[Short text fragments from websites]
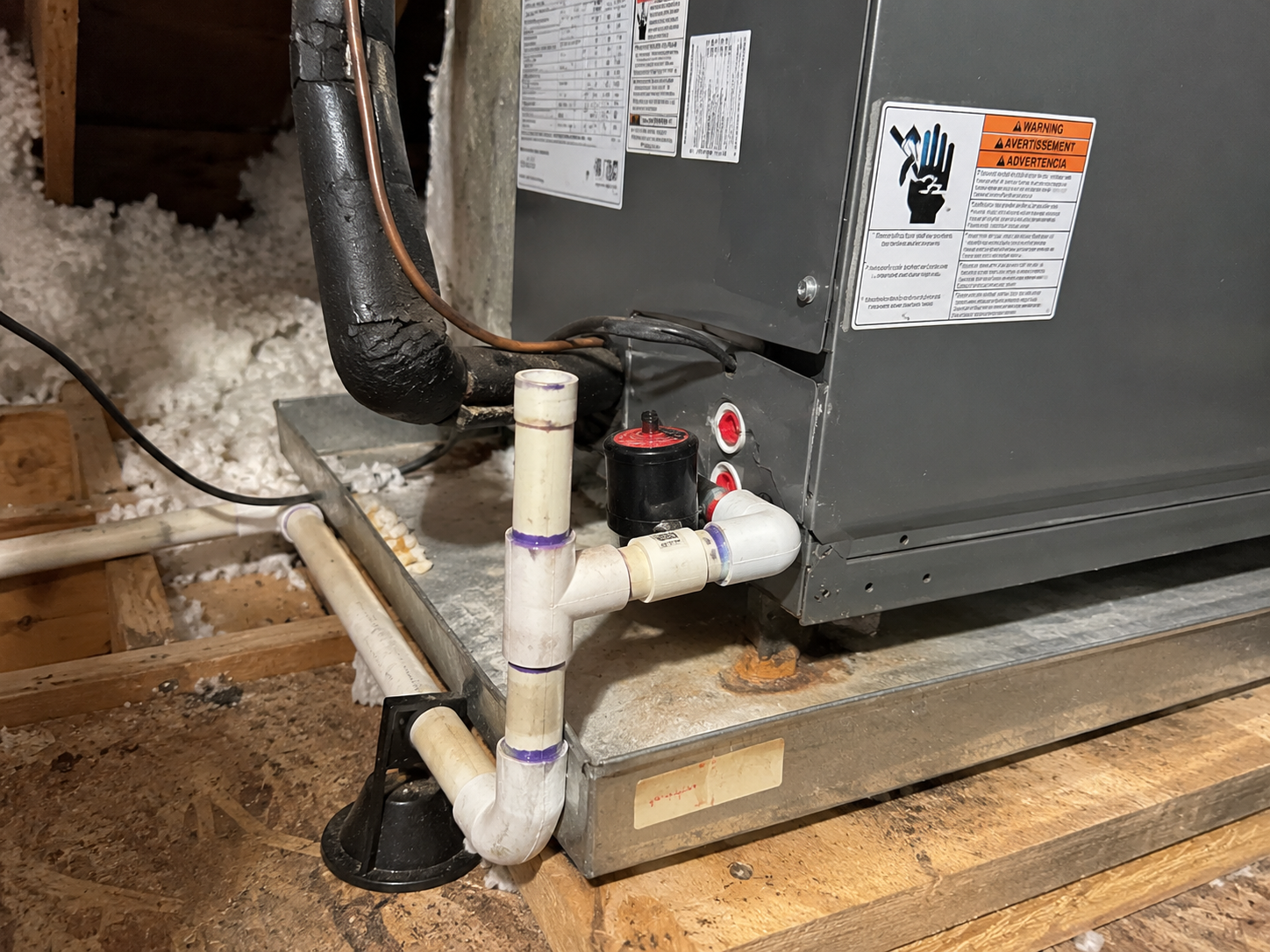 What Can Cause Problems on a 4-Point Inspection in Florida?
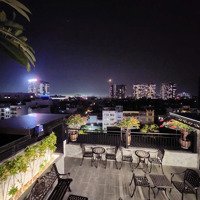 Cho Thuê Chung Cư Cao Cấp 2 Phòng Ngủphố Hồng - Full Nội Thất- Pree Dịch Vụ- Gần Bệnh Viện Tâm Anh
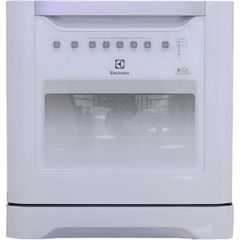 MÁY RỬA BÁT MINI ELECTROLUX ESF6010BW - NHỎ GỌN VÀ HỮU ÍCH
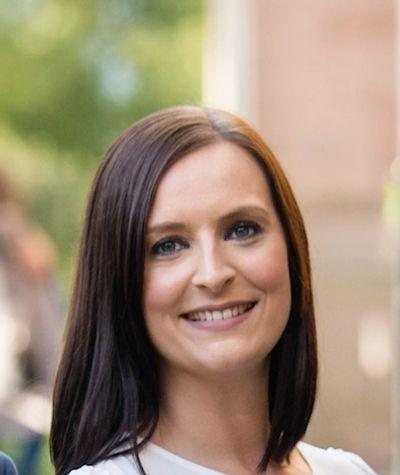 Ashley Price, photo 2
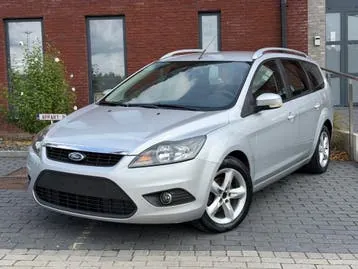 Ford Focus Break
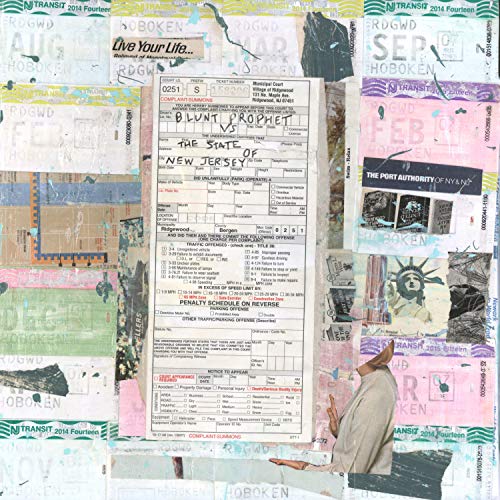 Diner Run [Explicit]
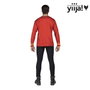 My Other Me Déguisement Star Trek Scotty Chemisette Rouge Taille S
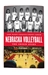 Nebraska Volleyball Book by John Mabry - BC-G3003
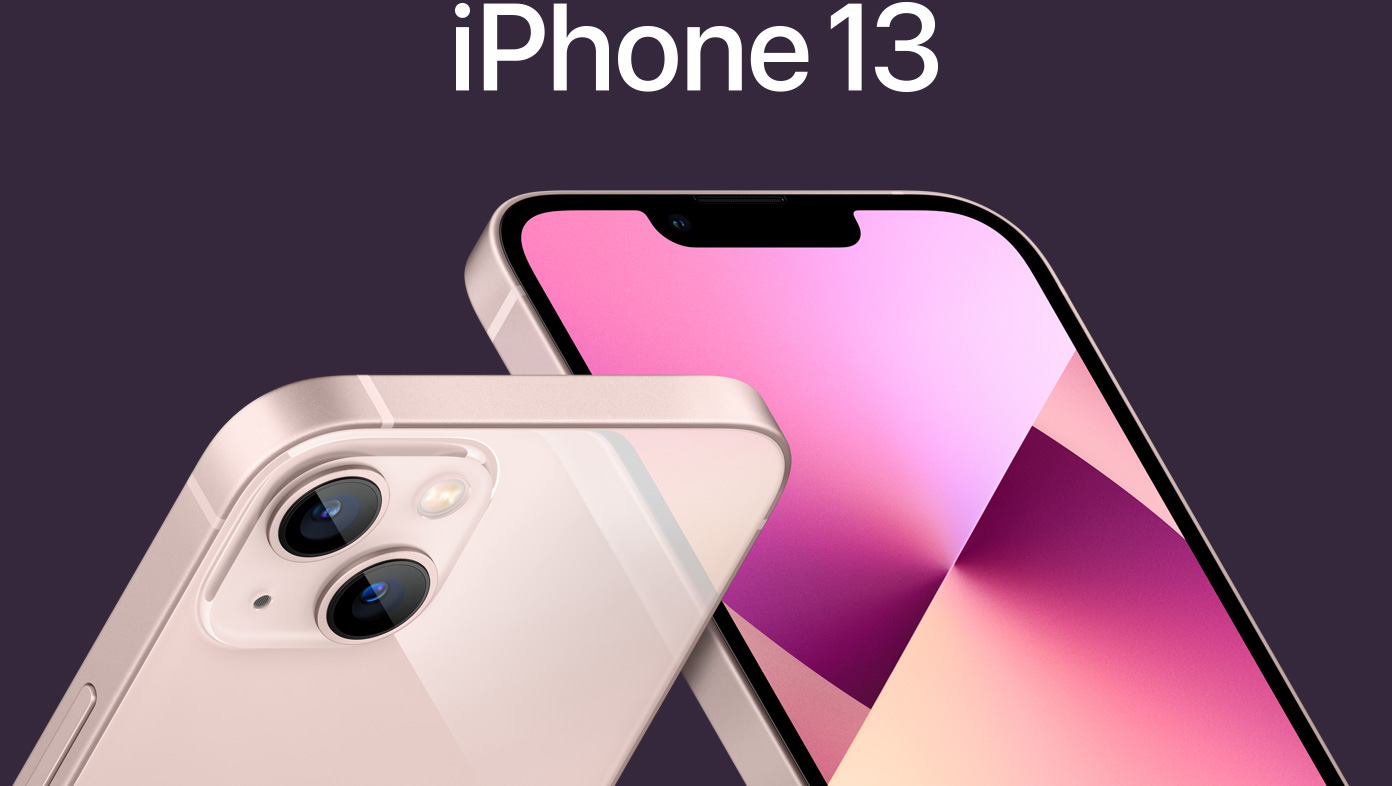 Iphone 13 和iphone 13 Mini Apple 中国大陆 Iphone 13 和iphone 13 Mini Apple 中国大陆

What this task involves: Where the line with "MÁY RỬA BÁT" appears, begin there and transcribe exactly through the last line of the data, leaving all pictures aside.

Result below:
 MÁY RỬA BÁT MINI ELECTROLUX ESF6010BW - NHỎ GỌN VÀ HỮU ÍCH
 Ashley Price, photo 2
 Ford Focus Break
 Diner Run [Explicit]
 My Other Me Déguisement Star Trek Scotty Chemisette Rouge Taille S
 Nebraska Volleyball Book by John Mabry - BC-G3003
 Iphone 13 和iphone 13 Mini Apple 中国大陆 Iphone 13 和iphone 13 Mini Apple 中国大陆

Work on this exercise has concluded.